> _Exercise details_:
Would you please write out each of the entries below exactly, omitting pictures?

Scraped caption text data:
************
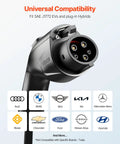 Close-up of a J1772 EV charger plug showing compatibility with multiple electric car brands.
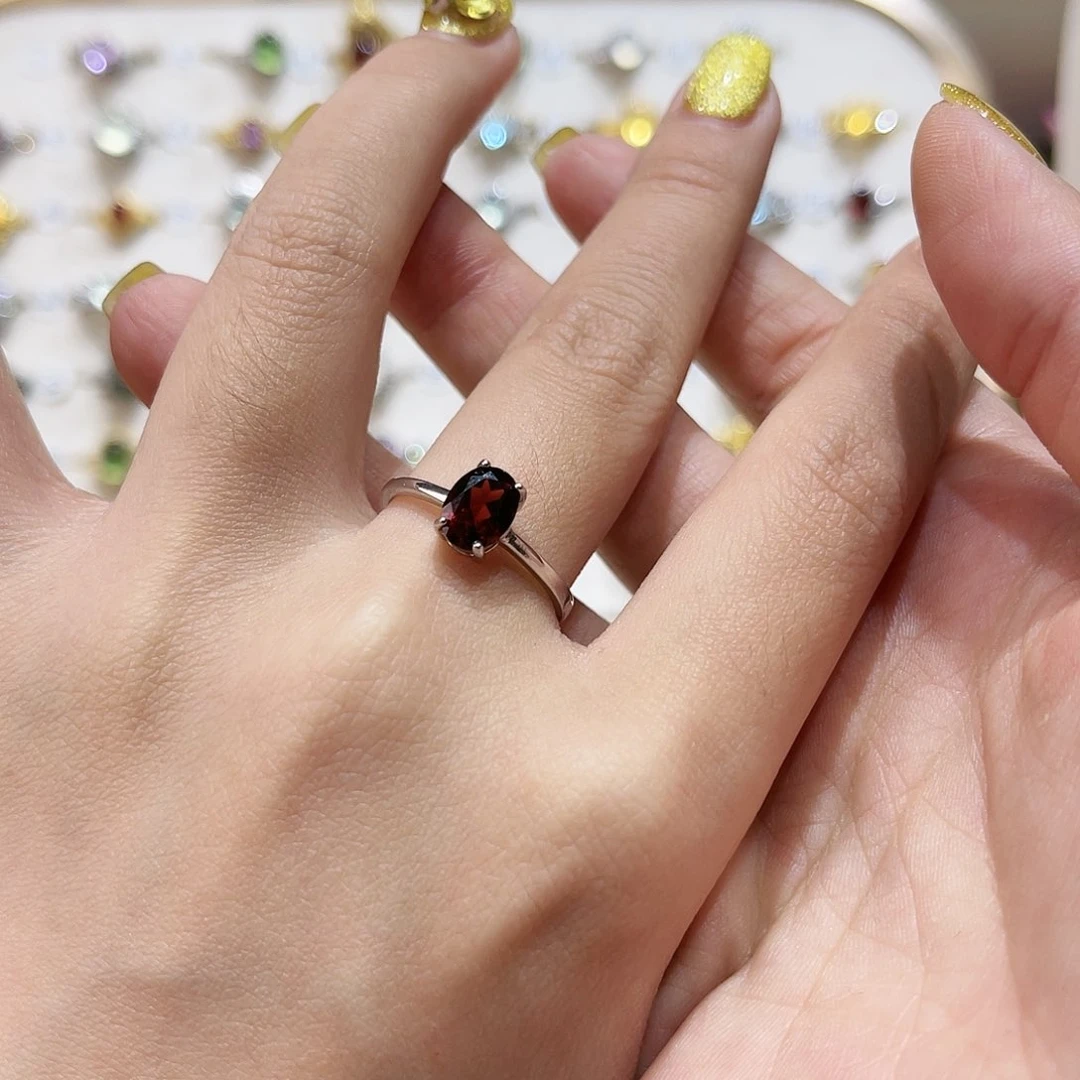 蛇纹石玉戒指银S925镶嵌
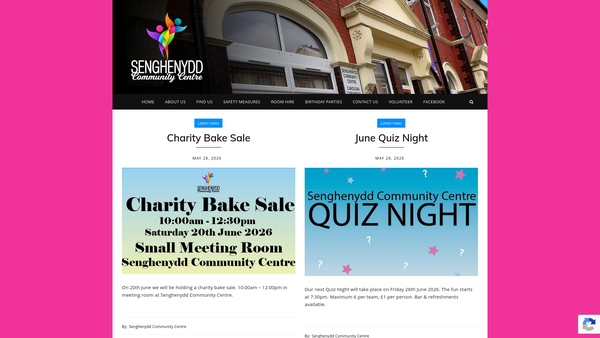 Screenshot of the Senghenydd Community Centre website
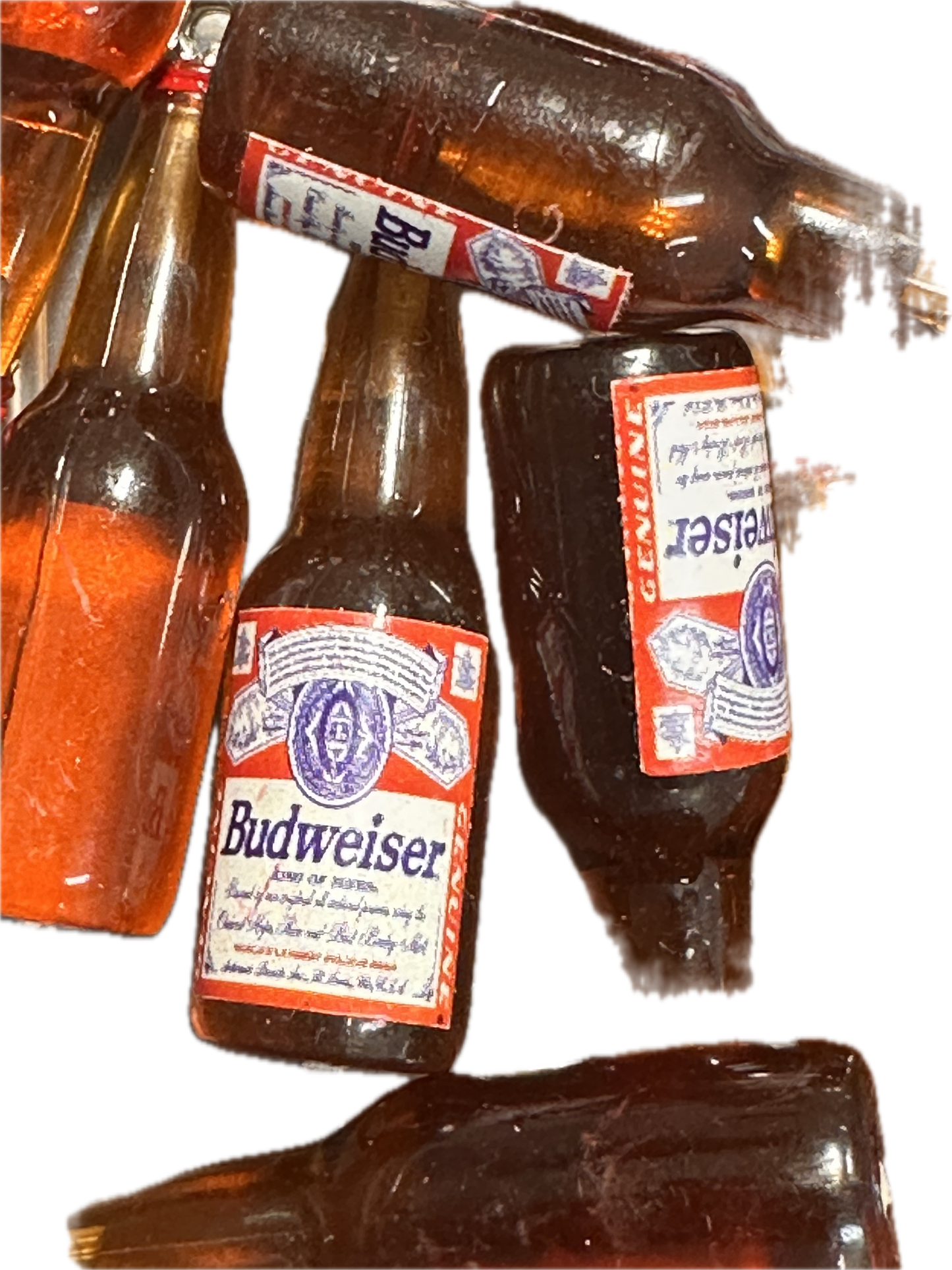 Mini Beer Bottle Charms – Resin Drink Beads for Keychains, Jewelry & DIY Crafts / red and white label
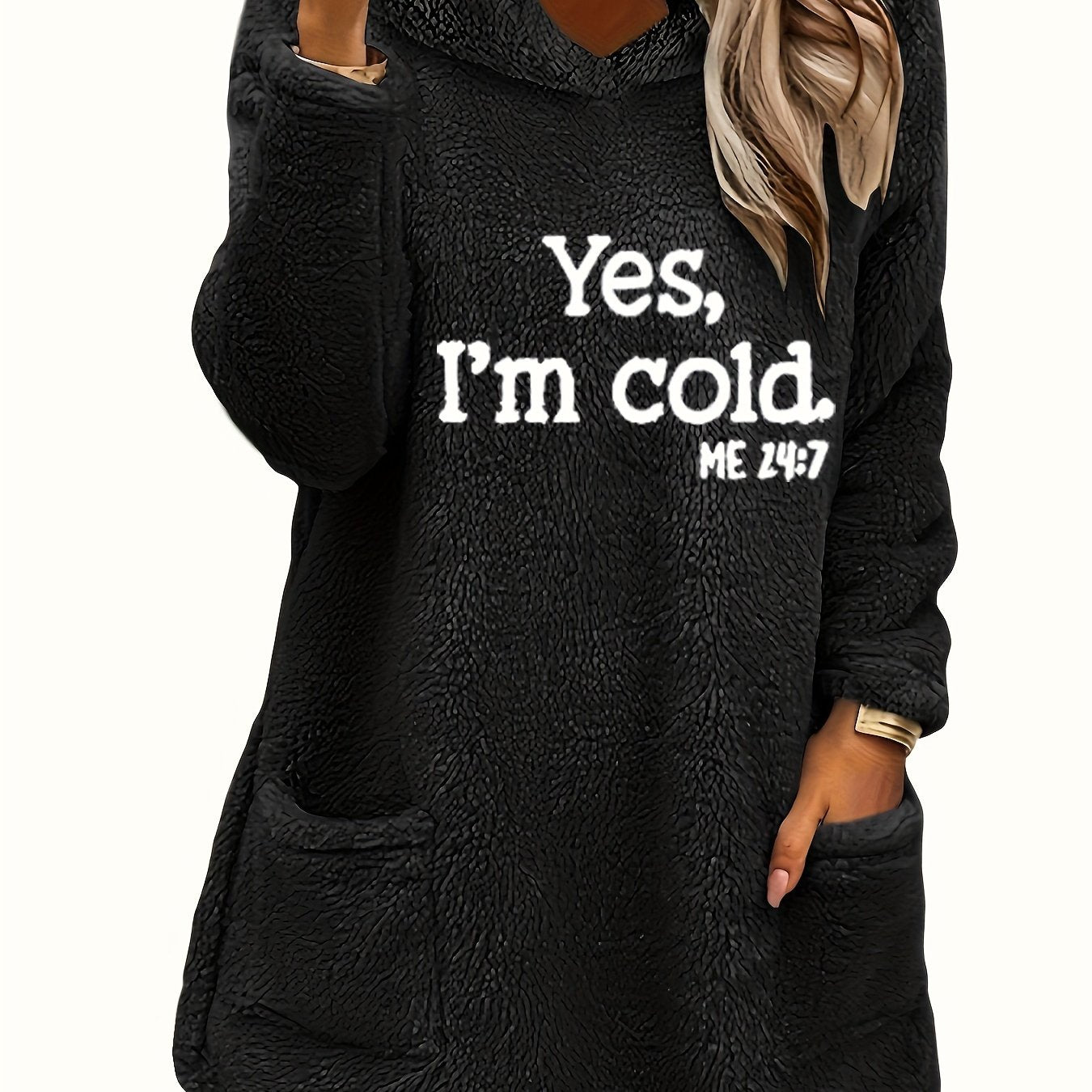 Marilina - Sweatshirt van Pluche met Hoodie en Print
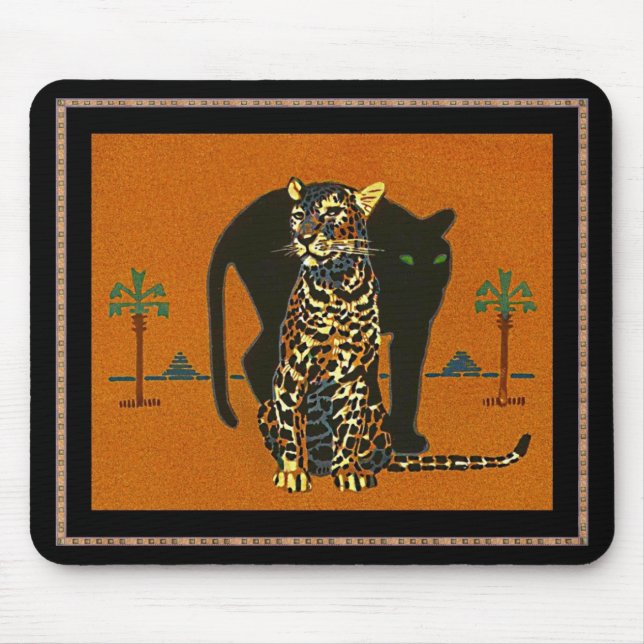 Mousepad Vintage Art Leopard (Front)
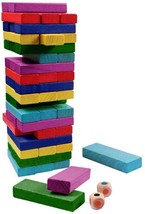 Children Wooden Block Tower Game Tumbling Stacking Balancing Building Blocks - £11.80 GBP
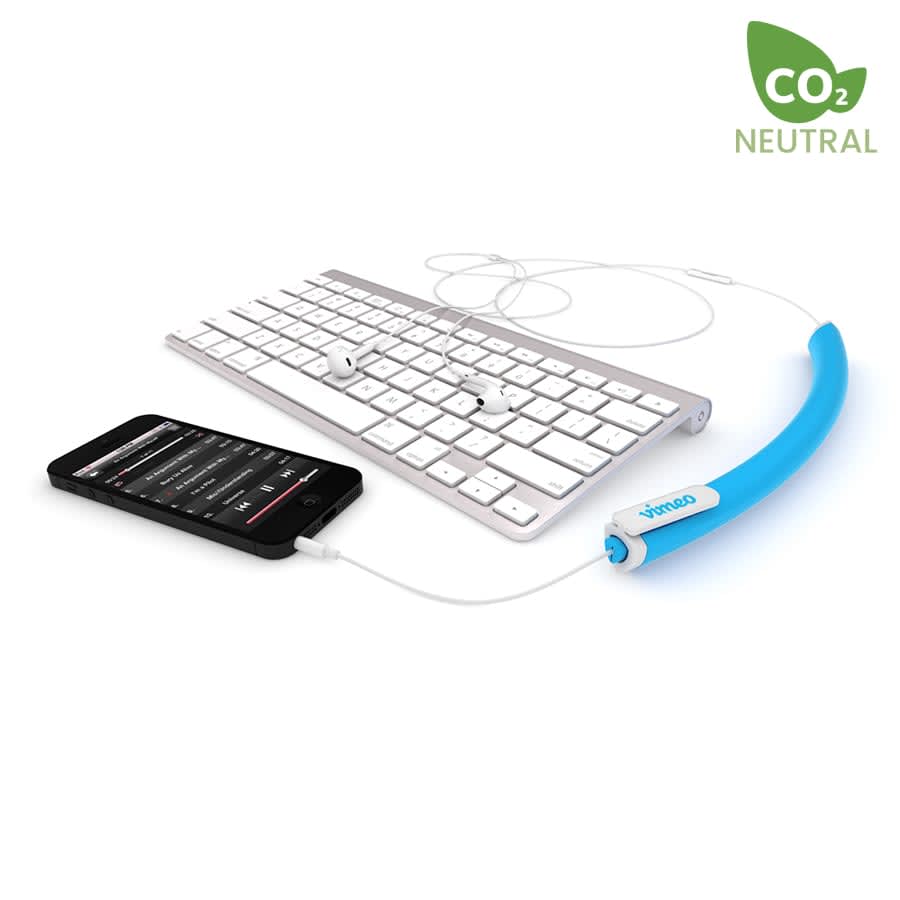 A blue earbud organiser alongside a smartphone and a keyboard, featuring a branding logo.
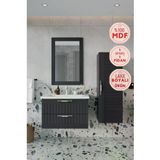 Erguvan Gümüş Kulp Antrasit 80 Cm %100 Mdf Lavabolu Banyo Dolabı Ayna Lavabo Boy Dolabı Antrasit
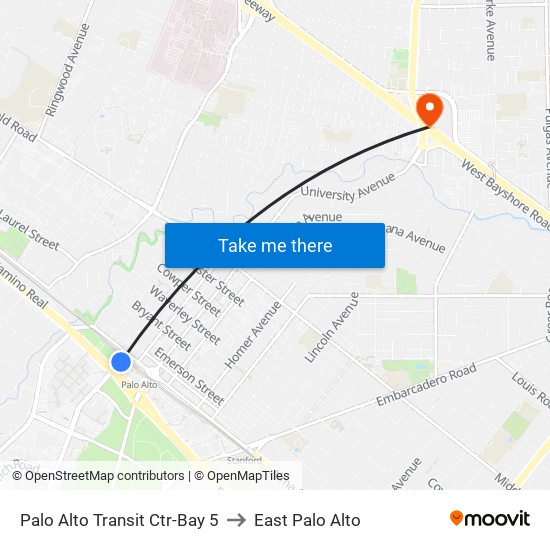 Palo Alto Transit Ctr-Bay 5 to East Palo Alto map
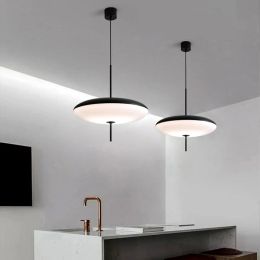 Modern Flying Saucer Pendant Lights LED Minimalist Black White Hanging Lamps Restaurant Study Living Rooms Bedroom Bar Home Lamp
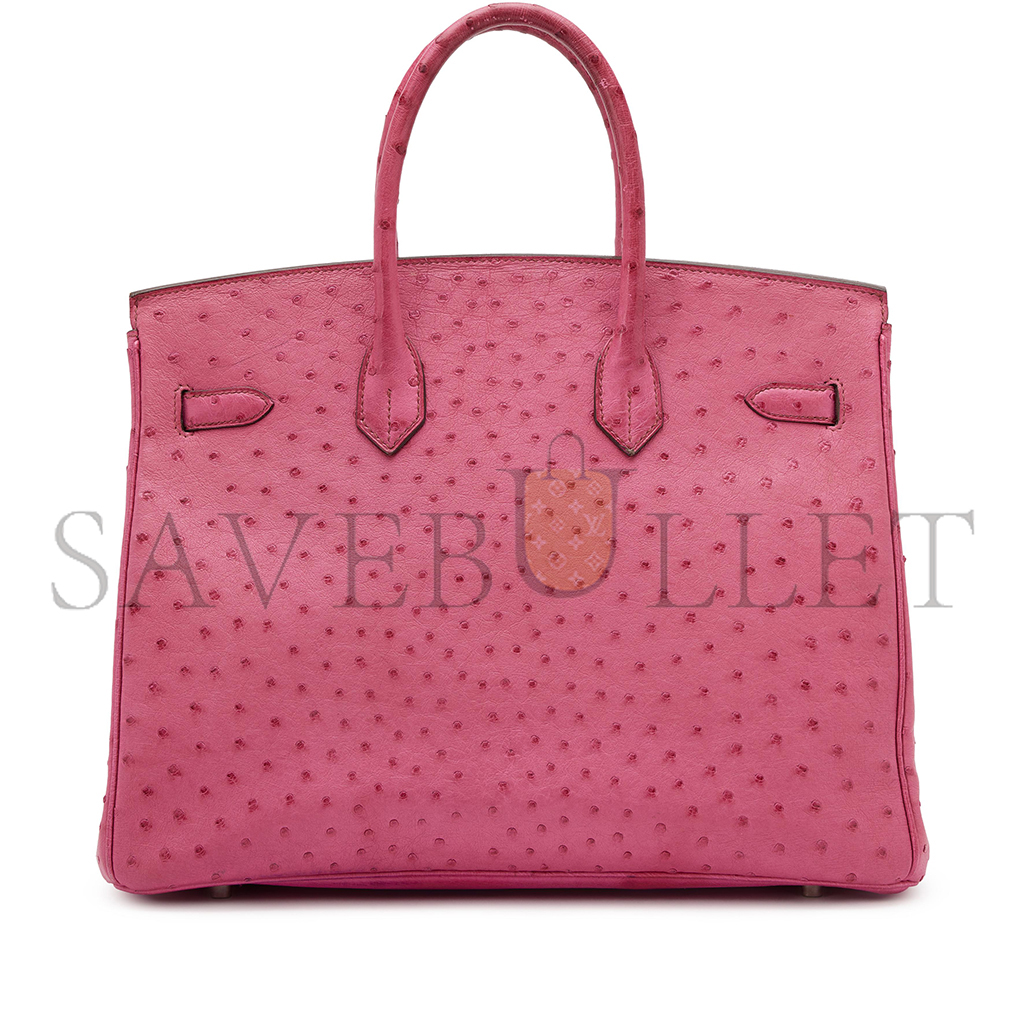 HERMÈS MASTER BIRKIN 30 OSTRICH LEATHER PEACH PINK GOLD BUCKLE H041933CK93 (30*22*16cm)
************
> _Answer to this problem_:
 Close-up of a J1772 EV charger plug showing compatibility with multiple electric car brands.
 蛇纹石玉戒指银S925镶嵌
 Screenshot of the Senghenydd Community Centre website
 Mini Beer Bottle Charms – Resin Drink Beads for Keychains, Jewelry & DIY Crafts / red and white label
 Marilina - Sweatshirt van Pluche met Hoodie en Print
 Mousepad Vintage Art Leopard (Front)
 Children Wooden Block Tower Game Tumbling Stacking Balancing Building Blocks - £11.80 GBP
 A blue earbud organiser alongside a smartphone and a keyboard, featuring a branding logo.
 Erguvan Gümüş Kulp Antrasit 80 Cm %100 Mdf Lavabolu Banyo Dolabı Ayna Lavabo Boy Dolabı Antrasit
 Palo Alto Transit Ctr-Bay 5 to East Palo Alto map
 Modern Flying Saucer Pendant Lights LED Minimalist Black White Hanging Lamps Restaurant Study Living Rooms Bedroom Bar Home Lamp
 HERMÈS MASTER BIRKIN 30 OSTRICH LEATHER PEACH PINK GOLD BUCKLE H041933CK93 (30*22*16cm)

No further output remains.